W tym roku 15-osobowa grupa młodych filmowców pracowała nad przygotowaniem reportażu. Jak informuje Monika Wirżajtys z fundacji Art-House, współorganizatora warsztatów, przez pierwsze dni uczestnicy mieli czas na dokumentację, w trakcie której między innymi szukali tematów. - Zależało nam na stworzeniu obrazu mieszkańców Bydgoszczy - wyjaśnia Monika Wirżajtys. - Właśnie w tym kierunku uczestnicy poszukiwali swoich inspiracji.

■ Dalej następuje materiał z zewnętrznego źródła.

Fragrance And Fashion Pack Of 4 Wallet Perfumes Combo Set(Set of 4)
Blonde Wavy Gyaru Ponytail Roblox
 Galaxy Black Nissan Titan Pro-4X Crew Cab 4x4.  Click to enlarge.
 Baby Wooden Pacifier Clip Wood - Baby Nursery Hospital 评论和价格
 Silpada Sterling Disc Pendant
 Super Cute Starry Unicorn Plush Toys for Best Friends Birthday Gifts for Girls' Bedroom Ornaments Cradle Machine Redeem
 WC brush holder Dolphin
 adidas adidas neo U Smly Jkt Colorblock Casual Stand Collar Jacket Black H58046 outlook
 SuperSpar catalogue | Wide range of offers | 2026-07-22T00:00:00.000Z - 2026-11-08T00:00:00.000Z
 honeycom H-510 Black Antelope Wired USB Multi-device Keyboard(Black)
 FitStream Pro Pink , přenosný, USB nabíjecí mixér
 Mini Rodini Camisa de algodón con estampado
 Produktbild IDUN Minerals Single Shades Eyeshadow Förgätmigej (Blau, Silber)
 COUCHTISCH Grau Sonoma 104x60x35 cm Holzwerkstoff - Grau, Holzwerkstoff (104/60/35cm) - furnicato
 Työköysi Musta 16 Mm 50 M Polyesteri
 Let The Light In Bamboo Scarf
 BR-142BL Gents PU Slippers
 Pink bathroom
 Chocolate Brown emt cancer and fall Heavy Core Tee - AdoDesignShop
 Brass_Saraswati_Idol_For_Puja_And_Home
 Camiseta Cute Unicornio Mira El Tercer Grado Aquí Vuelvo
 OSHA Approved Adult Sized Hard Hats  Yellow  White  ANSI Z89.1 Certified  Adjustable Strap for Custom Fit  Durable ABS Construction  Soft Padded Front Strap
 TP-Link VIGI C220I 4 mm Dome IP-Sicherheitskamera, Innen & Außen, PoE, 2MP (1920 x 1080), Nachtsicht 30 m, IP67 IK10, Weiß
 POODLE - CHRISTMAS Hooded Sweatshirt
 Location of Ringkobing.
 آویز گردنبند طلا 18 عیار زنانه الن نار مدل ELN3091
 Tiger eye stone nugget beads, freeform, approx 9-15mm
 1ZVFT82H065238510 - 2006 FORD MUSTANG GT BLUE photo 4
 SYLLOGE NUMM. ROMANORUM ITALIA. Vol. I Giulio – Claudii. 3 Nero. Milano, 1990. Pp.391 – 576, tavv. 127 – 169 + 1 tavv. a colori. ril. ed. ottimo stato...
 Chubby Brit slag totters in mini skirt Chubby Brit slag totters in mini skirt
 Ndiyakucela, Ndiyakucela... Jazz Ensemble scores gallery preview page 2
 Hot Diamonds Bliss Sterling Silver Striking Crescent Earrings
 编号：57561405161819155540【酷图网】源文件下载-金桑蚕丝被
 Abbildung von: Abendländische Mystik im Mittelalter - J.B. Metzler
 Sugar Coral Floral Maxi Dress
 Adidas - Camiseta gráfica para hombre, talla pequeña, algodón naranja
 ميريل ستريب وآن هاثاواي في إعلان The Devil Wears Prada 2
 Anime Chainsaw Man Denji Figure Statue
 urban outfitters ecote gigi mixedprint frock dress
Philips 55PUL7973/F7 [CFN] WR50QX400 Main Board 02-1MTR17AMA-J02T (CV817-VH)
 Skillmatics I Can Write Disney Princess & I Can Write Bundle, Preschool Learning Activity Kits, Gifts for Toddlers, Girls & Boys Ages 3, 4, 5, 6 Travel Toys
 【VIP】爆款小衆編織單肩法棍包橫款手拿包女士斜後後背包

15-osobową grupę podzielono na trzy zespoły. Każdy z nich, po znalezieniu ciekawego tematu oraz zebraniu niezbędnego materiału, musiał przygotować pięciominutowy reportaż. - W tym roku organizatorzy zdecydowali, aby z efektów pracy wszystkich trzech grup powstał jeden film - opowiada Paweł Wiśniewski, uczestnik warsztatów.
Poznawali życie Romów
Grupa Pawła skoncentrowała się na życiu Romów. - W zasadzie przez przypadek trafiliśmy do kilku dzieciaków i porozmawialiśmy z nimi - relacjonuje Jakub Drobczyński, kolejny uczestnik. - Byliśmy bardzo pozytywnie zaskoczeni. Dotarliśmy także do rodziców, którzy opowiedzieli nam trochę o kulturze romskiej.
Drugi zespół przygotował historię chłopaka, który zajmuje się myciem szyb samochodów na bydgoskich rondach, natomiast trzeci - o szachistach grających na placu Wolności.
Oprócz bydgoszczan, w warsztatach brały udział także cztery osoby z Białorusi. Jedną z nich zapytaliśmy o wrażenia, jakie wywarła na niej Bydgoszcz. - To bardzo rodzinne miasto - mówi Ilena Żukova z Mińska. - Poza tym podoba mi się tutejsza architektura. Jest pięknie i zielono. Wszędzie rośnie mnóstwo drzew.
Szkoda, że nie mówią po angielsku
Równie dobre wrażenie wywarli na Ilenie mieszkańcy Bydgoszczy. - Są bardzo przyjaźni - zachwyca się Białorusinka. - Szkoda tylko, że niewielu z nich mówi po angielsku. Koledzy z warsztatów musieli mi często pomagać w rozmowach i tłumaczeniu.